TASK OBJECTIVE: Each line from the first down to the one containing "Albuquerque Academy alumni" should be returned exactly as it appears below.

Data extracted from a collection:
━━━━━━
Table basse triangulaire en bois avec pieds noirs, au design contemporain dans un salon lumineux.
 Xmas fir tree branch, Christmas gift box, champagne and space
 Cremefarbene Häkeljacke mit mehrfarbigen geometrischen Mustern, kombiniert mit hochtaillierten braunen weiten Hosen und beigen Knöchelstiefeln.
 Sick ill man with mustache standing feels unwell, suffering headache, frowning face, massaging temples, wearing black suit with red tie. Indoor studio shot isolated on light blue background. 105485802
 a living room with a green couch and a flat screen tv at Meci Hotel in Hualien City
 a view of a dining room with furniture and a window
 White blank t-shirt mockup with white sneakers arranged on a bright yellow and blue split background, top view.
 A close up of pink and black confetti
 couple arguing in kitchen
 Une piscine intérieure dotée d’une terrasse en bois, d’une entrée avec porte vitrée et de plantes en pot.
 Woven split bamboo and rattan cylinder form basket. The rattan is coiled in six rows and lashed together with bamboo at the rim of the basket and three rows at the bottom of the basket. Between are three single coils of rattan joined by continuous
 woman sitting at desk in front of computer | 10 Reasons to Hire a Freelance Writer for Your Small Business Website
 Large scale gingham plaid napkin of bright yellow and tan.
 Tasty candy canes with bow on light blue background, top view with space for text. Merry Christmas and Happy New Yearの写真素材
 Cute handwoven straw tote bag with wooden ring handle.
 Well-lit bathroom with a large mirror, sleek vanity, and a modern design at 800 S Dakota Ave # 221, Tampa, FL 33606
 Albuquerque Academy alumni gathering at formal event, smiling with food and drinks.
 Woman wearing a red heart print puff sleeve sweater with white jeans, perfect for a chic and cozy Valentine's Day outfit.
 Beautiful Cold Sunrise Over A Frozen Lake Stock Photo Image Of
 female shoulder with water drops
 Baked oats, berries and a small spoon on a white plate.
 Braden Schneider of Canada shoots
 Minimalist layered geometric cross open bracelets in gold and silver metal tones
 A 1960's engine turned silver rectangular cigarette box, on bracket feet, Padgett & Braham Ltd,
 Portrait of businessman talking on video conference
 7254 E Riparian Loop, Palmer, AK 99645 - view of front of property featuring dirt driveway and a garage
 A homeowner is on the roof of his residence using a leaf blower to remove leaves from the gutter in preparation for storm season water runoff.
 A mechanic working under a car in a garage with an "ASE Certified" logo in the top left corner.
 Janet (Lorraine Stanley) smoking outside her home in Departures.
━━━━━━
YOUR SOLUTION:
Table basse triangulaire en bois avec pieds noirs, au design contemporain dans un salon lumineux.
 Xmas fir tree branch, Christmas gift box, champagne and space
 Cremefarbene Häkeljacke mit mehrfarbigen geometrischen Mustern, kombiniert mit hochtaillierten braunen weiten Hosen und beigen Knöchelstiefeln.
 Sick ill man with mustache standing feels unwell, suffering headache, frowning face, massaging temples, wearing black suit with red tie. Indoor studio shot isolated on light blue background. 105485802
 a living room with a green couch and a flat screen tv at Meci Hotel in Hualien City
 a view of a dining room with furniture and a window
 White blank t-shirt mockup with white sneakers arranged on a bright yellow and blue split background, top view.
 A close up of pink and black confetti
 couple arguing in kitchen
 Une piscine intérieure dotée d’une terrasse en bois, d’une entrée avec porte vitrée et de plantes en pot.
 Woven split bamboo and rattan cylinder form basket. The rattan is coiled in six rows and lashed together with bamboo at the rim of the basket and three rows at the bottom of the basket. Between are three single coils of rattan joined by continuous
 woman sitting at desk in front of computer | 10 Reasons to Hire a Freelance Writer for Your Small Business Website
 Large scale gingham plaid napkin of bright yellow and tan.
 Tasty candy canes with bow on light blue background, top view with space for text. Merry Christmas and Happy New Yearの写真素材
 Cute handwoven straw tote bag with wooden ring handle.
 Well-lit bathroom with a large mirror, sleek vanity, and a modern design at 800 S Dakota Ave # 221, Tampa, FL 33606
 Albuquerque Academy alumni gathering at formal event, smiling with food and drinks.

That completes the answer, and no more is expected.